The problem:
Pictures stay out of the copy. Transcribe exactly, and only, the line with "Gut Health Prebiotics" through the last line of the entries below.

Available records:
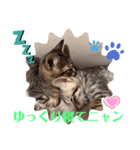 兄弟ニャンずソルとルア2（個別スタンプ：2）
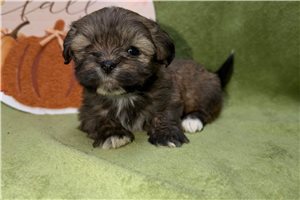 Cedar - puppy for sale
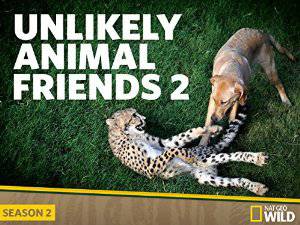 Unlikely Animal Friends - netflix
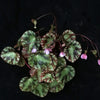 BEGONIA GIRONELLAE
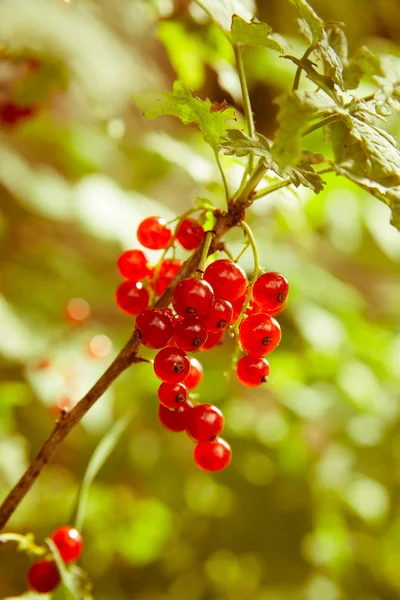 Rode aalbessen in de tuin — Stockfoto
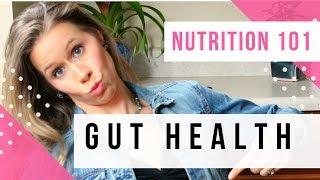 Gut Health Prebiotics Probiotics (What You NEED to Know!)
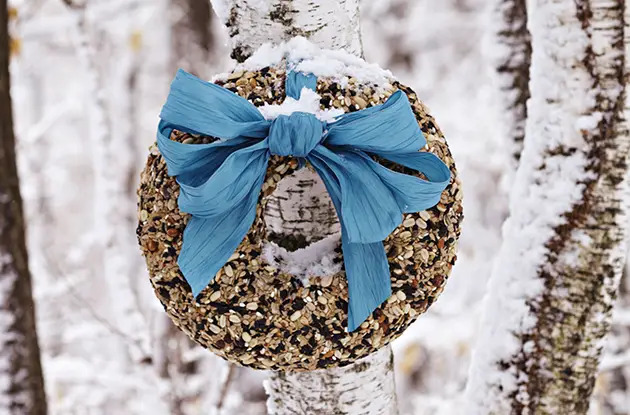 bird seed wreath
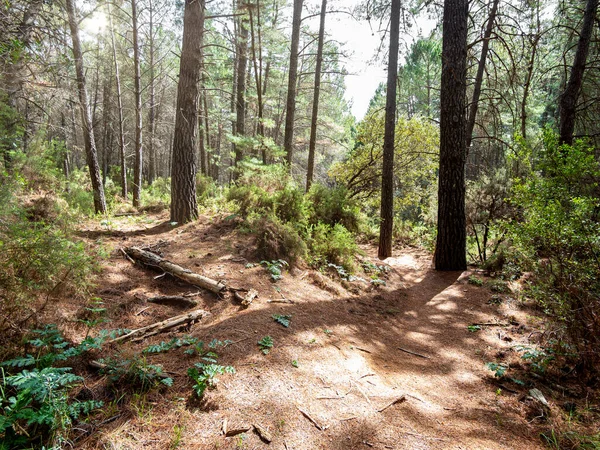 stock image Pine trunk in the middle of a Mediterranean pine forest in Spain.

Task result:
 Gut Health Prebiotics Probiotics (What You NEED to Know!)
 bird seed wreath
 stock image Pine trunk in the middle of a Mediterranean pine forest in Spain.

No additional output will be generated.